Open Heart Surgery
It has been a long couple of days for the crew down in Ascension since their arrival. After giving Challenger a thorough inspection of the kind of growth on the hulls and the corrosion that occurred over the course of the previous 288 day mission, they set to work on getting her ready to get back in the water and set sail towards Brazil.
Among a number of tasks to be done before re deploying Challenger and sending her on her way are:
- Inspect for corrosion (on end caps), damage, plugged pressure sensors, document any damage with pictures so we have them for the future. Take note of fouled locations if you can, otherwise we can use Jame's pictures from Helena.
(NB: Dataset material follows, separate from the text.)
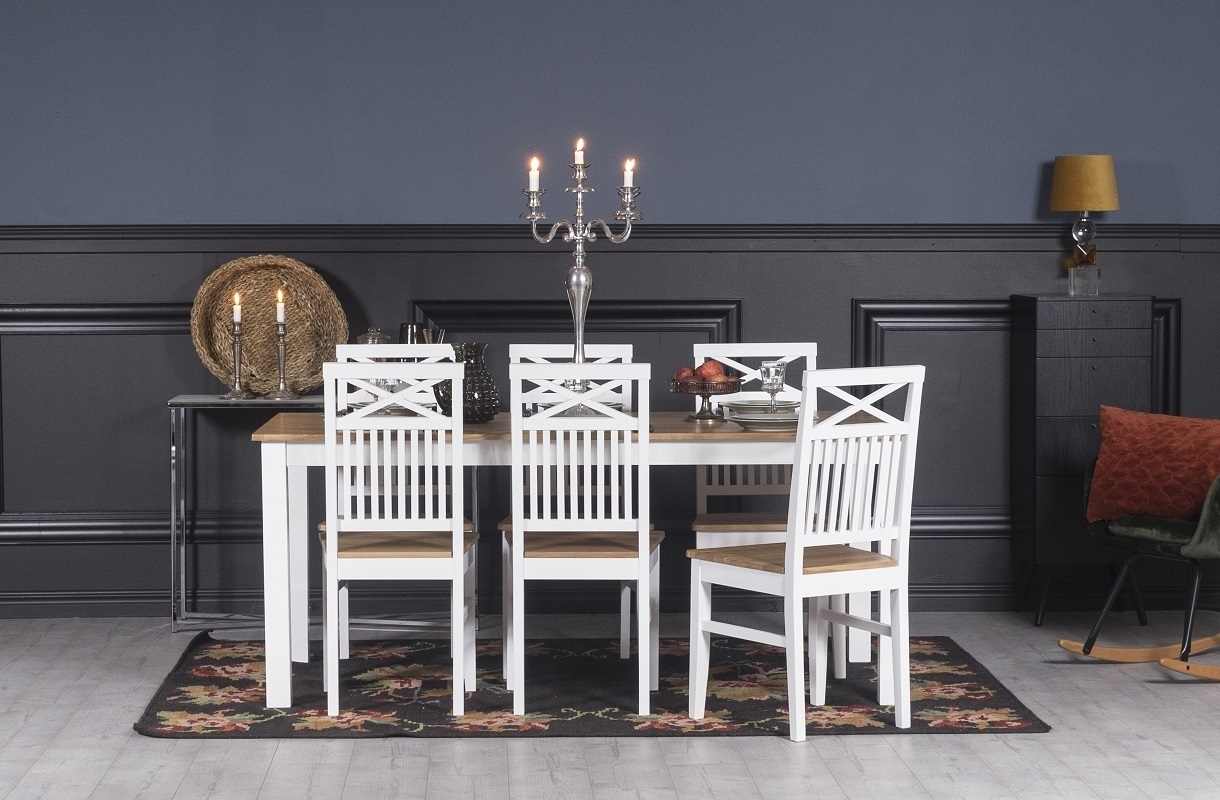 Dalar�s matgrupp 180 cm bord vit/ek med 6 st stolar kryss i ryggen + 6.00 x Stolsdyna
- Inspect internally for leak, salt, corrosion. Pitch threads. Take off and clean nose cone and buoyancy pump diaphragm.
- Check compass!!!
- Check digifin operation with different ranges specified.
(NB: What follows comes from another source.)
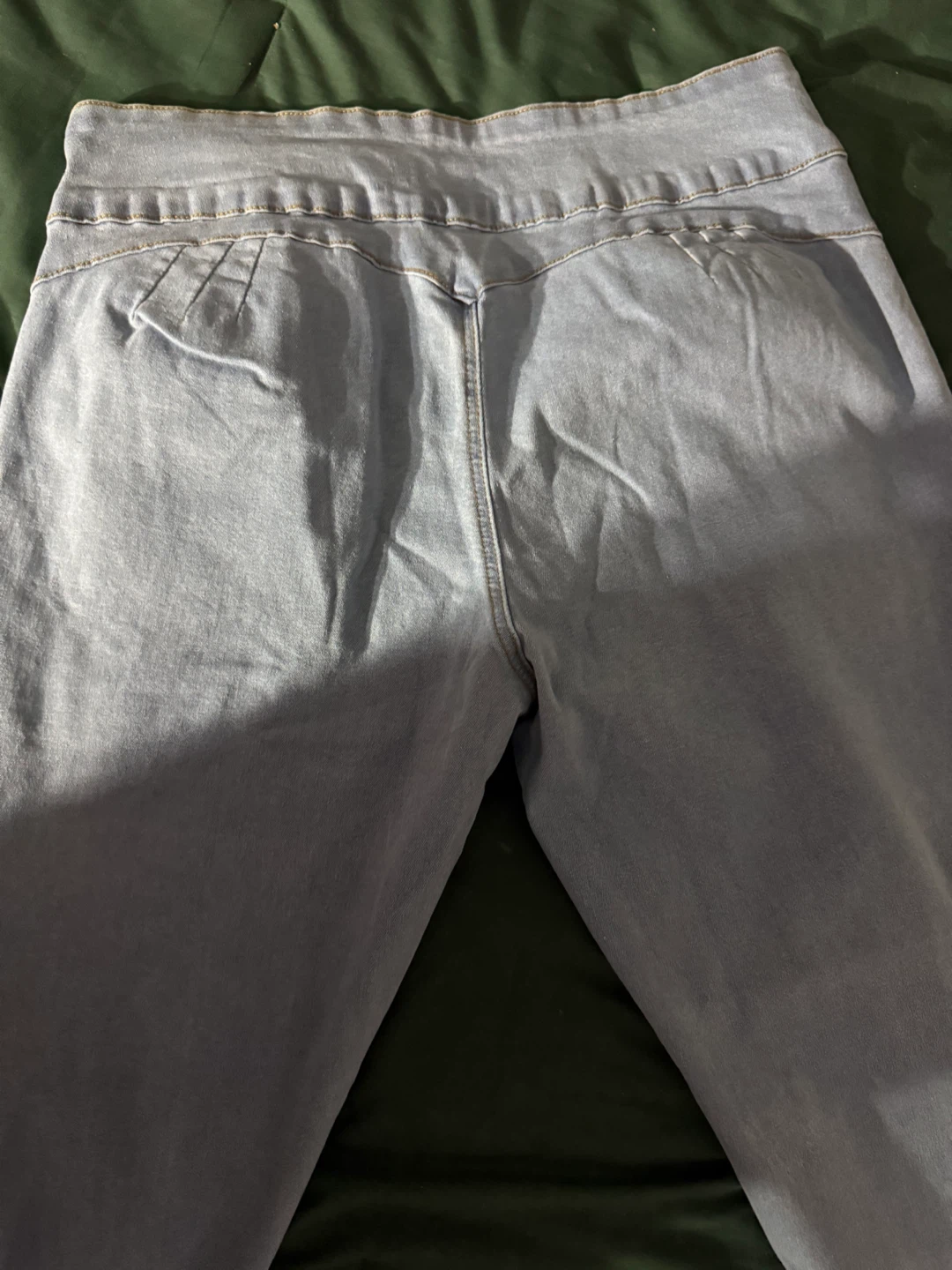 Light wash high-waisted jeans - photo 5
- Scrub glider down, perhaps lightly on the painted sections, remove old bio films.
- Open glider, backup flash cards in 2 locations, Format cards, Upgrade to software 7.13
- Re-battery, compare battery weights on labels, do best to account for that with bottles, etc. Glider was about 40 g lighter than average density, which I think was good, wouldn't want to go too much outside of 50 g too light/heavy. I think goal is to maybe leave it a tad light with 2 wing rail weights. Tape and paint will add some weight and we can use wing rail weights to add the rest... We were ballasted pretty-much perfect so if were close to where we were before that is our best bet. Our best check may be a ballast dunk at the dock.
- Replace digifin?
- Re-seal for deployment, new o-rings
- Apply new antifoul items, paint, tape...
- Re-cal compass
At the base that was used for technical support, Drew Avery, an ex-navy diver from Greenland who now works at the local US base lent his steady hand to perform the "open heart surgery" that was required to set 29 up to get back in the water.
Once Challenger was put all back together, the team put her in the back of the pick up and drove her down to the beach where they then used a tidal pool that was separated from the open ocean by low tide as a ballast tank.
In this pool they were then able to trim the ballast on the glider until they were certain she was ready to continue her trek towards Sao Paulo.